My next ride also comes quickly from a rest area gas station near Gent. They’re a group of young people returning from a Catholic summer camp. Before they noticed me, I’d noticed them, looking so happy drinking an entire case of soda and beer in the sunny parking lot. Talking to people and cold drinks, the scene was painfully pleasant.
Two of the girls walk up from behind as I’m displaying an “Oostende” sign to passing traffic. The leader of this curiosity is Stephanie and she’s brought along her friend Delphine. The others in their group remain distracted in the distance. The girls stage a friendly interrogation before inviting me over to join the others.
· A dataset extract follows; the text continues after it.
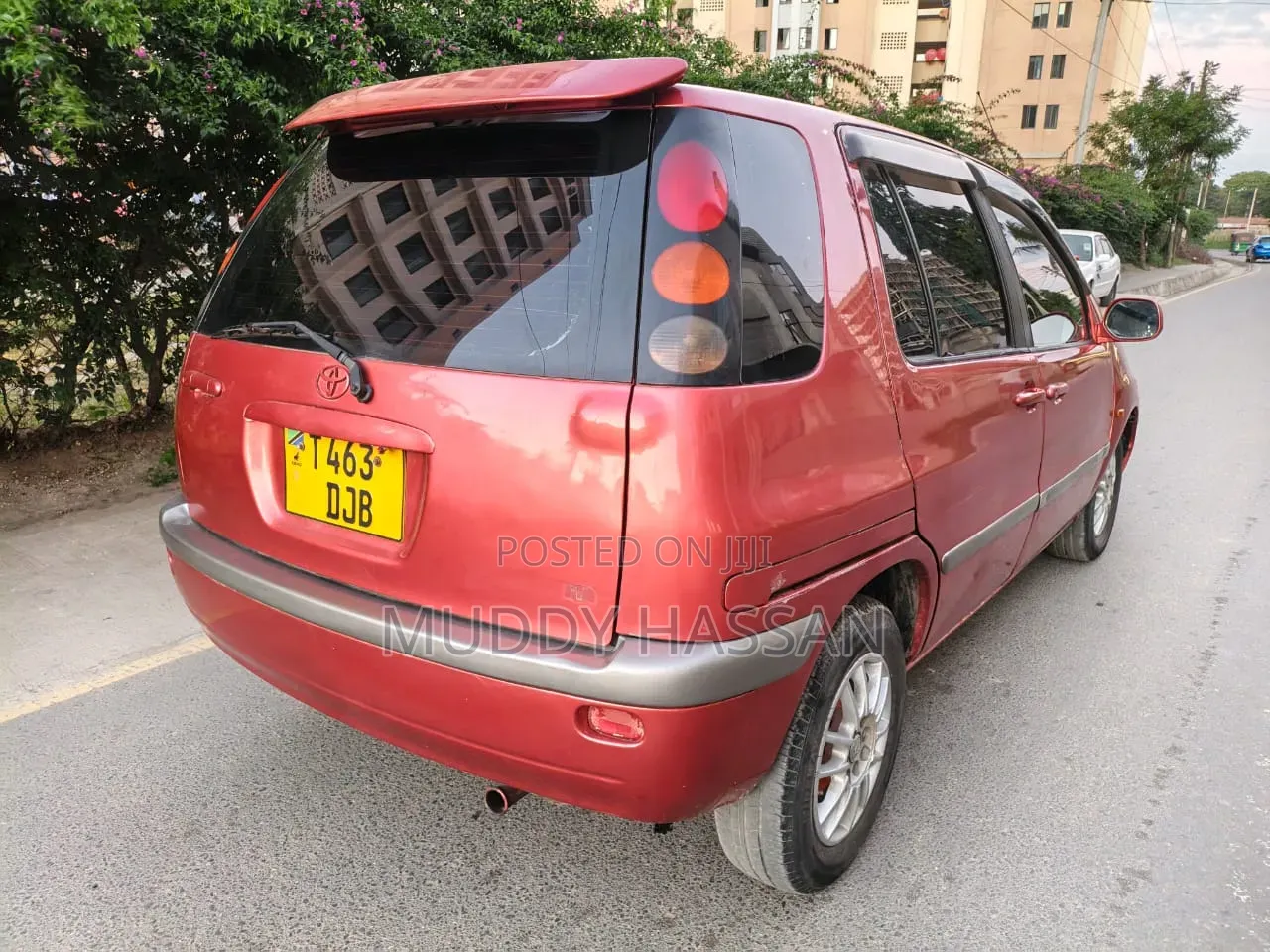 Toyota Raum 2002 Red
They are all teenagers to early 20-somethings, mostly from farm families that raise cattle. Never would I have guessed them as farmers, and never would they have guessed my age. One says 20, another thinks 22, with the best guess being 25. One of the guys hands me a Coke as one of the girls presents a bag of miniature sweet waffles.
“My granny made them.”
I ride with the two girls and Robin, all college students, studying agriculture, social work and electrical-mechanical engineering. They drive me 15km past their destination, all the way to the coastal city of Oostende, handing me the whole bag of little waffles as we say goodbye.
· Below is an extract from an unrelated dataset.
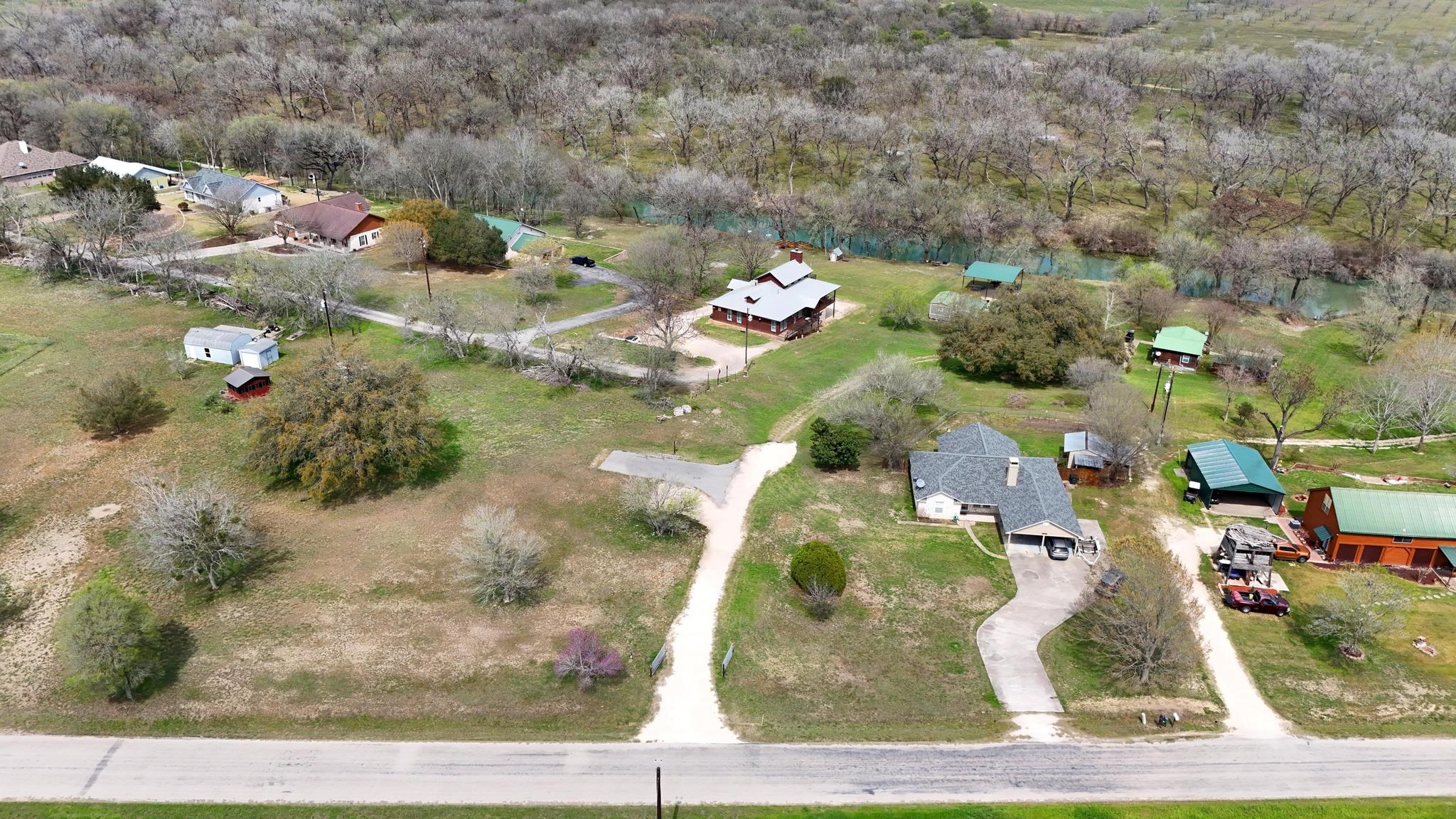 398 Redbird Ln, Kingsbury, TX 78638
Immediately I sit down upon a bench and eat every last waffle, nearly a pound of them, causing my stomach to ache the rest of the day. Downtown Oostende is full of luxurious yachts and sailboats. A series of little drawbridges raise and lower as the boats go to and from the sea of this perfect day. Tourists move in huge flocks, all the activity taking place under the intricate double steeples of a big old cathedral.
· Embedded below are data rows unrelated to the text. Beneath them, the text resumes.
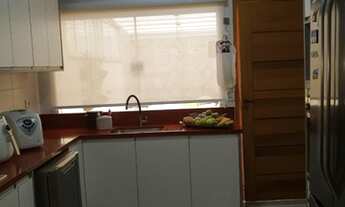 Imagem 2: Linda Casa Com uma localização Privilegiada, Acabemos de primeira linha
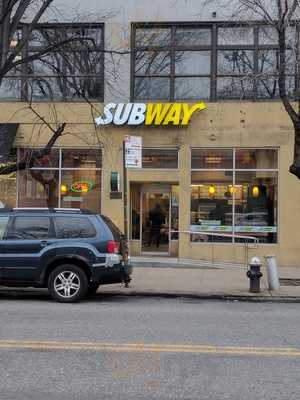 Subway, Long Island City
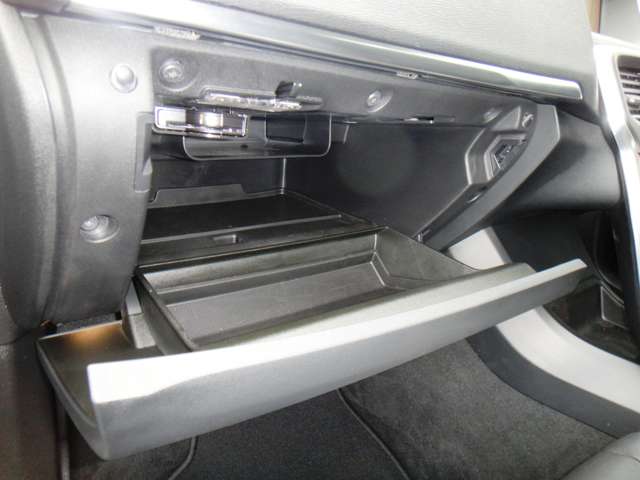 ボルボ Ｖ４０ Ｄ４ インスクリプション ディーゼルターボ H29年 (東北) 99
I walk north along the coast in search of a campsite, an area I’d already mapped out on Google a few days ago just in case I came here. There’s an absurdly crowded tram following the coastline. Not sure exactly where to go, I ride for just a few stops then explore. On the other side of the huge sand dunes are thousands of beachgoers, enjoying one of the few nice days this entire summer has had to offer. A slightly chilly breeze remains, prompting some people to erect elaborate cloth windscreens. Dozens of tiny white beach shacks sit in a perfect line along the dunes, most fully inhabited, colorful towels hung out everywhere to dry. One man encircles his entire cabin in a windscreen, having brought along a large hammer to do so.
There’s too many people here to make a hidden campsite possible, even far back in the dunes is no escape from the occasional random wanderer. I ride the tram a few more stops, again packed like sardines. There the beach is far more reasonable, just occasional joggers and dog walkers. There’s two sets of parallel dunes, with the farther one fenced off. A hole in the fence leads to an overgrown path at the top, about 25 feet above sea level. Barely a soul treads treads here, and a wonderful ocean view.
I don’t want to camp right on top though, just in case somebody walks the path, and the sides of the dune are too steep for sleeping. A collapsed portion of the dune offers the perfect campsite, just below the path and protected out of view from every other angle, facing the sea. The sand is perfectly white and fine, with the thick dune grasses dancing in the wind. I tie the edges of my tarp to blades of grass, then sit the foam pad and sleeping bag atop it. This is where I watch the sun go down, writing what you’ve read here. With the darkness comes stars for the first time in many weeks.